Le corps supérieur, en retrait, repose sur deux tiroirs à décor d’arabesques et de chiens, encadrés d’oiseaux. 

Les deux vantaux sont flanqués de montants richement décorés où les figures humaines se font beaucoup plus présentes dont notamment une femme tenant un enfant dans ses bras, il s’agit de l’allégorie de la Charité.

Sur le faux-dormant, Vénus tient dans ses mains l’arc de son fils Cupidon.

Chaque vantail présente une composition d’arabesques en trois médaillons superposés. Le médaillon central est occupé par l’allégorie de la Prospérité tenant une corne d’abondance.

Sur le médaillon inférieur du vantail gauche, est délicatement incisé dans la nacre, un portrait de femme à la coiffure soignée et sur le vantail droit un portrait d’homme aux cheveux courts et à la barbe fournie. Leurs armoiries respectives apparaissent sur le médaillon supérieur. 

La surface étirée de l’entablement est prétexte à une scène animée de courses entre chiens, chats et oiseaux, rythmée par trois représentations de nymphes sous la forme de figures féminines allongées.

Le fronton chantourné décoré d’arabesques végétales et d’animaux reprend la composition en trois médaillons développés horizontalement cette fois. Sont incisés, des profils de guerriers casqués sur les plus petits médaillons tandis qu’au centre se tient le dieu Mars, une main sur la hanche l’autre sur sa hampe.
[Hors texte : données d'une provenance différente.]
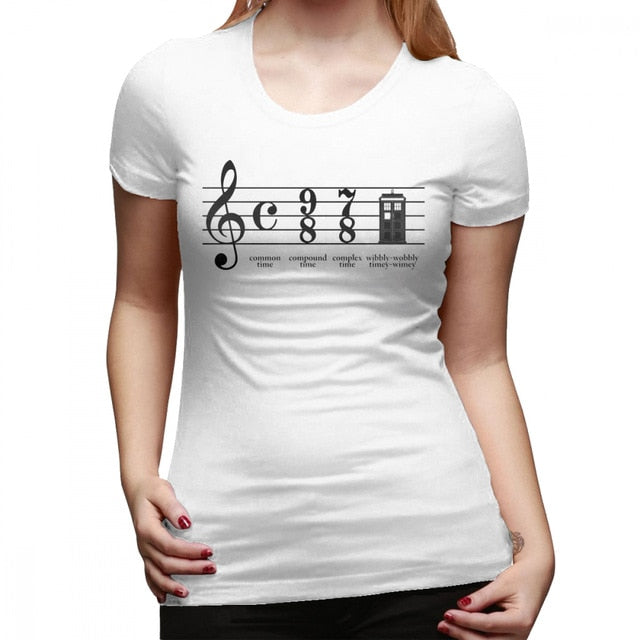 Music Notes O-Neck Women Tee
Une tige fleurie, découpée et incrustée de nacre, couronne le fronton.

 

Des arabesques en incrustations de nacre décorent également les côtés. Plus aérés et rigoureux dans leur aspect géométrique, ces motifs ornent aussi la tablette du corps inférieur. Un disque de nacre incisé de cercles concentriques fait écho aux boutons des tiroirs.

 

Le système décoratif de ce cabinet révèle un ornementiste de grand talent qui a su mêler naturellement arabesques, répertoire animalier et références mythologiques.

C’est par l’intermédiaire des artistes italiens appelés à la Cour de Fontainebleau par le Roi François Ier (1494-1547) que le motif d’arabesque s’affirme en France.
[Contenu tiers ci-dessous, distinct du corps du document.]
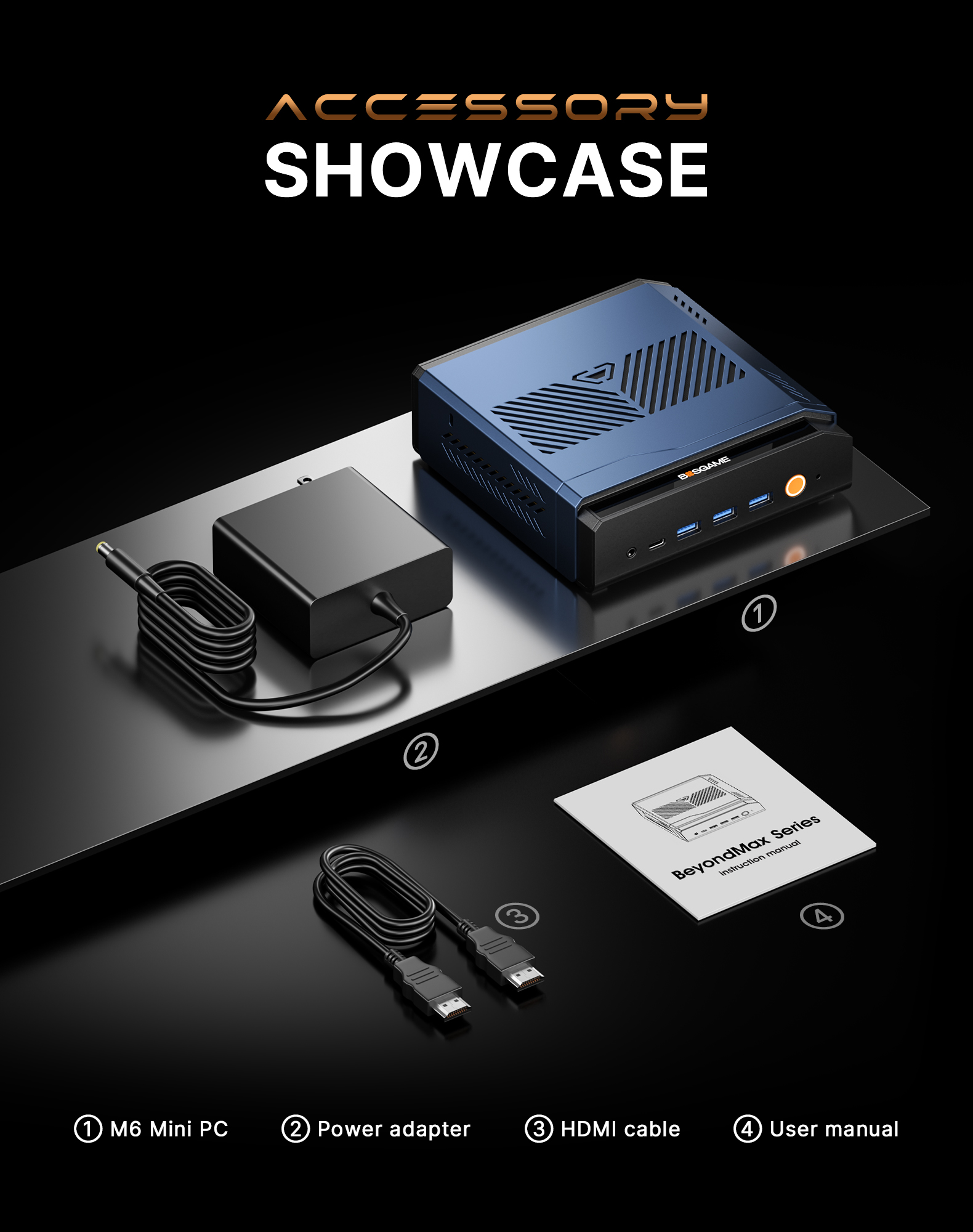 BOSGAME M6 HX370 AI PC RADEON 890M 32GB DDR5 1TB PCIe 4.0 SSD Mini PC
Son répertoire décoratif est particulièrement adapté à la vogue ornementale développée par l’Ecole de Fontainebleau. Il subit toutefois des mutations locales en abandonnant quelque peu son abstraction botanique – notons la présence de glands sur les arabesques de notre cabinet – et en s’associant avec des animaux et des figures humaines.

Les courbes et les volutes du décor d’arabesques et la silhouette chantournée du fronton sont particulièrement efficaces et adoucissent avec grâce la rigueur architecturale de ce meuble typique de la seconde moitié du XVIe siècle.
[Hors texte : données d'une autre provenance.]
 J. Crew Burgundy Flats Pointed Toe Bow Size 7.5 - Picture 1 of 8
La blondeur du noyer, la somptuosité du décor et le luxe des matériaux associent la réalisation de ce cabinet à la Vallée de la Loire et témoignent d’une commande de haut-rang. En effet ce type de meuble était destiné à des commanditaires de prestige. 

Grâce aux armoiries de nacre figurées sur le vantail droit (au lion a la fasce chargée de trois cœur) nous pouvons désigner le commanditaire comme appartenant aux Herissem, une famille noble des anciens Pays-Bas, aujourd’hui en Belgique.

Ce meuble était probablement un cabinet commandé à l’occasion d’un mariage comme tend à le prouver la présence des portraits et des armoiries de deux familles mais aussi la thématique du décor.

La représentation de Léda et le cygne, la scène du suicide de Cléopâtre insistent sur une certaine dimension sensuelle tandis que la représentation de Vénus qui a subtilisé les armes de son fils exprime davantage un amour chaste. L’allégorie de la Prospérité et de la Charité indiquent bien sûr les vertus à cultiver de même que les chiens, symbole de fidélité. Les nombreuses chouettes, attribut de la déesse Minerve, incarnent la sagesse. La présence répétée de figures militaires – Mars, guerriers – s’oppose aux figures de l’amour illustrant ainsi l’équilibre à cultiver dans le couple. 

 

L’éloignement géographique entre le centre de production et le commanditaire met en lumière le prestige dont pouvait jouir le mobilier du Val de Loire de même que la puissance financière et le goût affirmé du couple Herissem. Le programme iconographique fait montre d’une culture classique certaine et éclaire les échanges artistiques singuliers qui caractérisent la Renaissance. Ce cabinet est aussi un exceptionnel témoignage du savoir-faire des ébénistes et des ornementistes de la fin du XVIe siècle.